CS@NAU: Senior Capstone Design

Capstone Project Selection Process

Although the growth in our CS program has substantially increased the numbers of seniors (and thus project teams), each year, it is not uncommon for there to be more projects in the pool than there are teams. Our process for selecting projects to do each fall is completely transparent, and is driven primarily by the interests of the students:

  1. CS Capstone coordinator puts out the call for project proposals to our Potential Capstone Sponsor mailing list as the summer begins. Follow-up reminders are sent regularly in the next months.
  2. Potential sponsors with an idea for a project generally start by contacting the Capstone Coordinator informally (email, phone call) to outline the project and get feedback on whether it basically sounds appropriate.
  3. Potential sponsor then writes up the project description (see "How to submit" below for template) and submits the draft. The Sponsor and the Capstone coordinator frequently go back and forth a bit, refining and scoping the project description to meet both the sponsor's needs for functionality and the faculty's requirements for complexity and challenge.
  4. Once refined, the project descriptions are posted to a web page accessible to students.
  5. Students review the project descriptions and submit their first, second, and third choices of project to faculty in a formal memo.
  6. CS faculty gather as a group to review projects and assign teams. Projects are reviewed primarily based on student preferences, project complexity, skillsets in the student pool; a secondary criterion is faculty interest in mentoring a particular project. Based on this discussion, students are matched to projects, and a CS faculty mentor is assigned to each team.
  7. Project sponsors are notified of project selection outcomes. Successful projects proceed at start immediately with Phase 1. CS faculty mentors coordinate with each other on deliverables, etc., ensuring consistent quality and learning experiences across all projects.
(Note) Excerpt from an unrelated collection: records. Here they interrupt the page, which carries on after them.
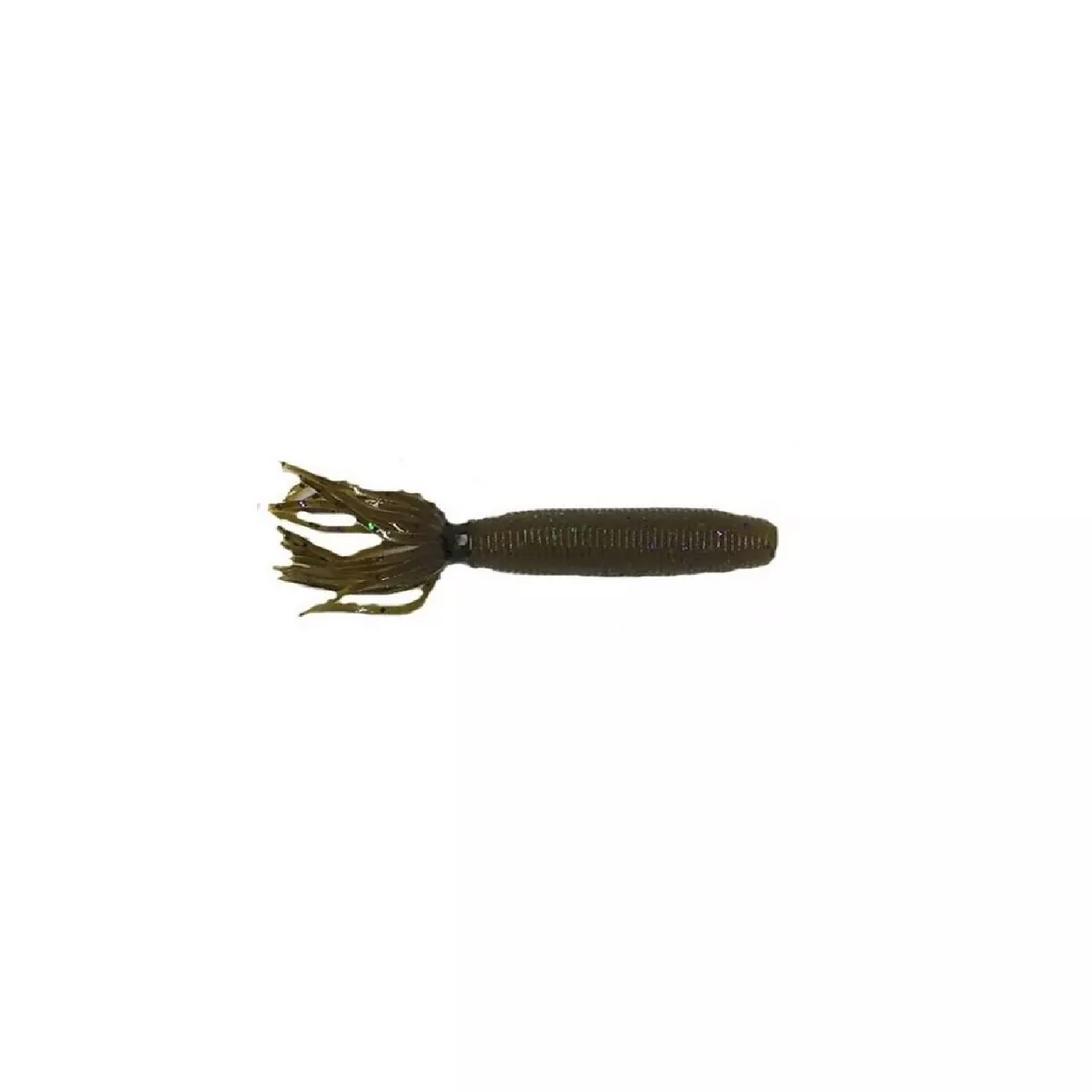 Vinil Yamamoto Fat Ika 4'' 100 mm Grande Verde Roxo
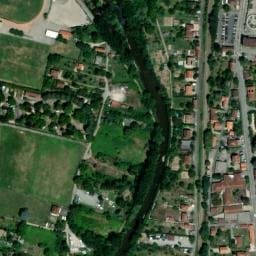 Vue satellite de Camping du Rouergue à Villefranche-de-Rouergue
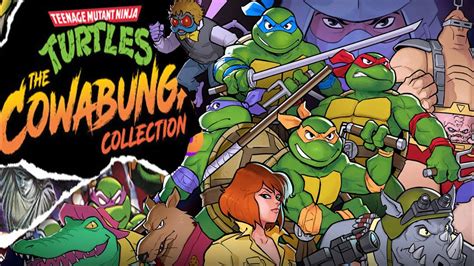 Teenage Mutant Ninja Turtles Cowabunga Collection Part 1 (Nintendo ...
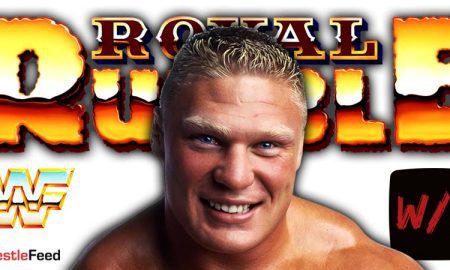 Brock Lesnar Royal Rumble 13 WrestleFeed App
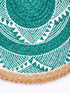 dining table mats 2 pieces waterproof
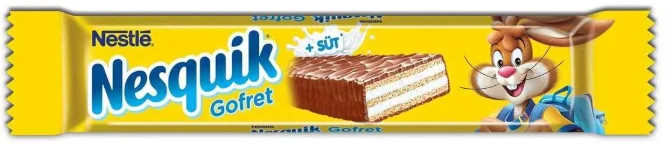 Вафли в молочном шоколаде | Nesquik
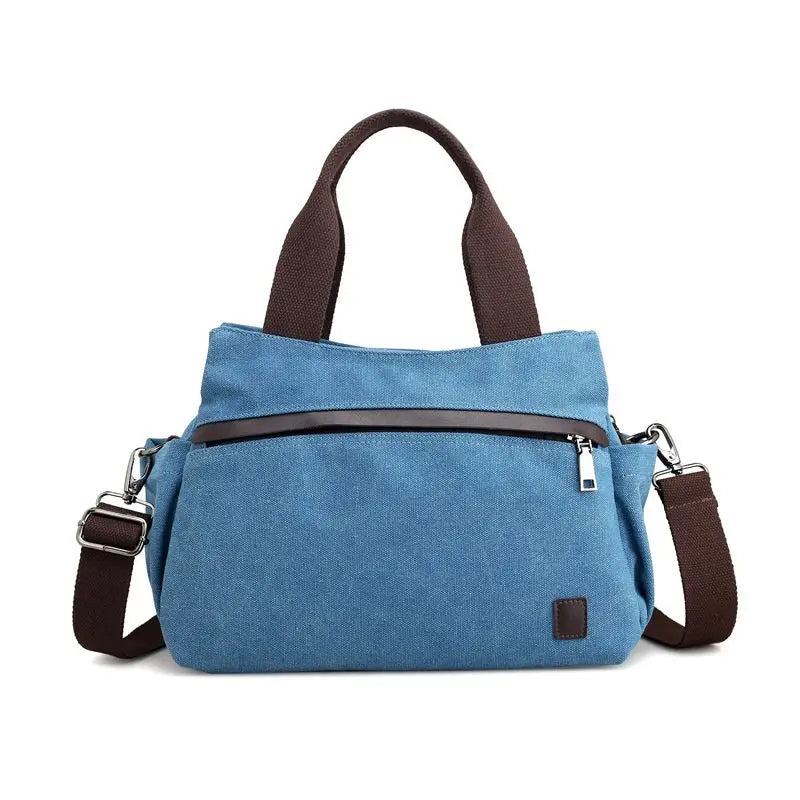 Canvas Shoulder Bag Famous Messenger Bags Large Canvas Women Bags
We have found that allowing student interest to drive the selections is the best way to ensure excited and committed project teams and, ultimately, to optimize project outcomes. Some effort invested in the project description itself tends to yield results: project descriptions that portray an exciting project clearly connected to a client's business processes are consistently popular; nothing motivates students more than the thought that real people will solve real problems with their software. Of course, student interests vary somewhat year to year, so often projects that evoked little interest in one year have been super popular when resubmitted the next year.